The molecular basis of kidney diseases: cystinosis and hereditary nephrotic syndrome
The research projects of our team are focused on two major topics; cystinosis and hereditary nephrotic syndrome. These projects stem from the seminal work done by our group that identified the CTNS gene involved in cystinosis in 1998, and the NPHS2 gene encoding podocin in 2000, the first gene identified in steroid-resistant nephrotic syndrome (SRNS).

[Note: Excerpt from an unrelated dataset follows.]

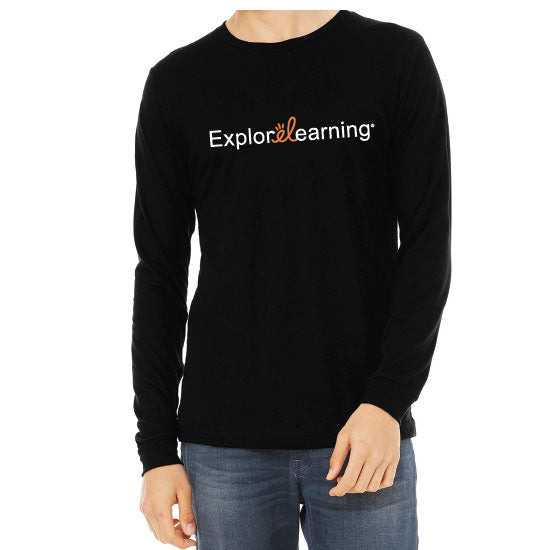 ExploreLearning TriBlend Long Sleeve T-Shirt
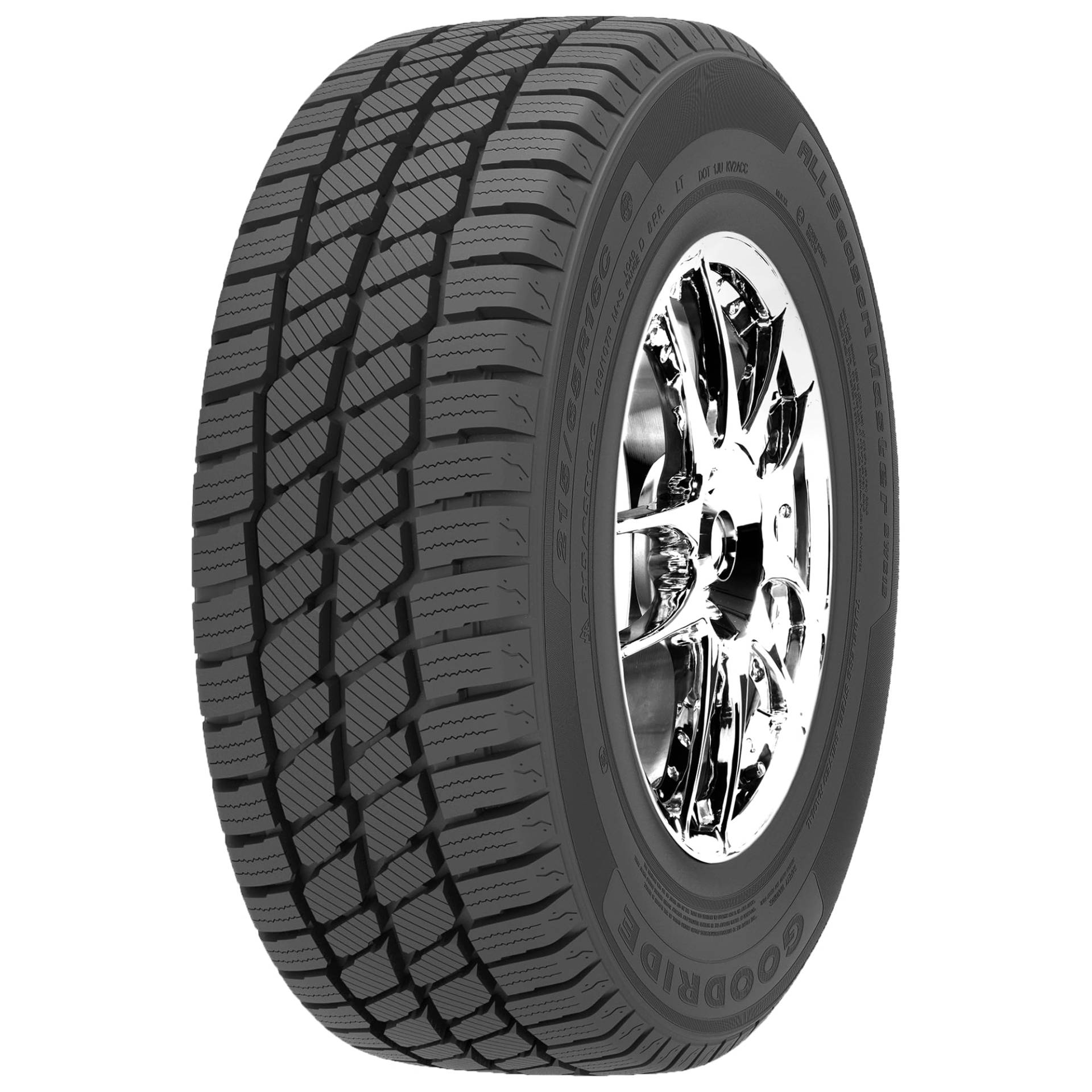 Goodride SW613 185/75 R16 C 104Q Ganzjahresreifen GTAM T269378 ohne Felge von Goodride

Cystinosis is an inherited lysosomal storage disorder characterized by a defective lysosomal efflux of cystine, a proximal tubulopathy being the main and earliest renal symptom of the disease. The causative gene, CTNS, encodes a glycosylated lysosomal membrane protein, cystinosin, which acts as a cystine-proton symporter. It is composed of seven transmembrane (TM) domains and contains two lysosomal targeting motifs: a tyrosine-based signal (GYDQL) in its C-terminal tail and a non-classical motif in its ﬁfth inter-TM loop. We recently showed that the tyrosine-based GYDQL motif of cystinosin is a ‘strong’ AP-3 interacting motif responsible for lysosomal targeting of cystinosin by a direct intracellular pathway. Our on-going projects are aimed at characterizing new functions of cystinosin beyond the lysosomal transport of cystine, mainly by studying new pathways (mTORC1 signaling and autophagy) that have been highlighted by the identification of protein interacting with cystinosin by proteomics, and at elucidating mechanisms underlying the proximal tubular dysfunction, using in vitro and in vivo models developed in the lab.
Nephrotic syndrome is a clinical entity characterized by massive proteinuria, hypoalbuminemia, hyperlipidemia and edema. The identification of genes involved in rare familial forms of steroid-resistant nephrotic syndrome (SRNS) has highlighted the crucial role played by the podocyte, a highly specialized glomerular cell, in the integrity of the glomerular filtration barrier. Almost 40 genes have been identified that, if mutated, are responsible for monogenic forms of SRNS (autosomal recessive and dominant). Most of these genes encode proteins expressed in the podocyte, particularly structural proteins and actin network regulators.
Recently, we have described the crucial role of podocin dimerization in the pathogenicity of NPHS2 mutations, leading to incomplete penetrance of some associations of mutations. Mutations in this gene, originally found by our group, are responsible for more than 40% of SRNS and these results have a direct impact on patients care, both clinically and for genetic counseling, and open new perspectives for evaluating the pathogenicity of mutations in autosomal recessive diseases. We have also identified a homozygous missense mutation in the ciliary gene TTC21B which unexpectedly causes familial focal and segmental glomerulosclerosis (with a dual phenotype of both primary tubulointerstitial and glomerular lesions). In addition, our group has identified the first gene (WDR73) involved in Galloway-Mowat syndrome (GMS), associating microcephaly and SRNS, as well as, very recently, five other genes, encoding proteins forming a highly conserved complex, also mutated in patients with GMS. Mutations in genes such as WDR73 affect both the kidney and the nervous system, in line with growing evidence that podocytes and neurons share a large set of common features. Moreover, our discovery of mutations in genes such as TTC21B and WDR73 has highlighted the emergent role of proteins involved in microtubule dynamic and organization in podocyte pathophysiology.
The main objective of our group is to unravel new actors and molecular networks driving podocyte differentiation and/or maintenance, and to identify new pathophysiological mechanisms leading to SRNS, especially those related to actin/microtubule networks and cell survival.
Our projects comprise:
1) the study of podocin biogenesis, trafficking and degradation, as well as screening of molecules modifying podocin folding and trafficking with the aim of testing new and innovative therapies,
2) the identification of new genes involved in SRNS by next-generation sequencing and the characterization of their gene products by using cellular models, as well as knock-in and knock-out animal models (fruit fly Drosophila melanogaster, zebrafish and mouse) generated with the CRISPR/Cas9 technology.
3) the modeling of hereditary nephrotic syndrome with human induced pluripotent stem cells (iPSCs) created from patient’s cells with isolated SRNS and/or Galloway-Mowat syndrome in order to generate new insights into the molecular pathways altered in these disorders.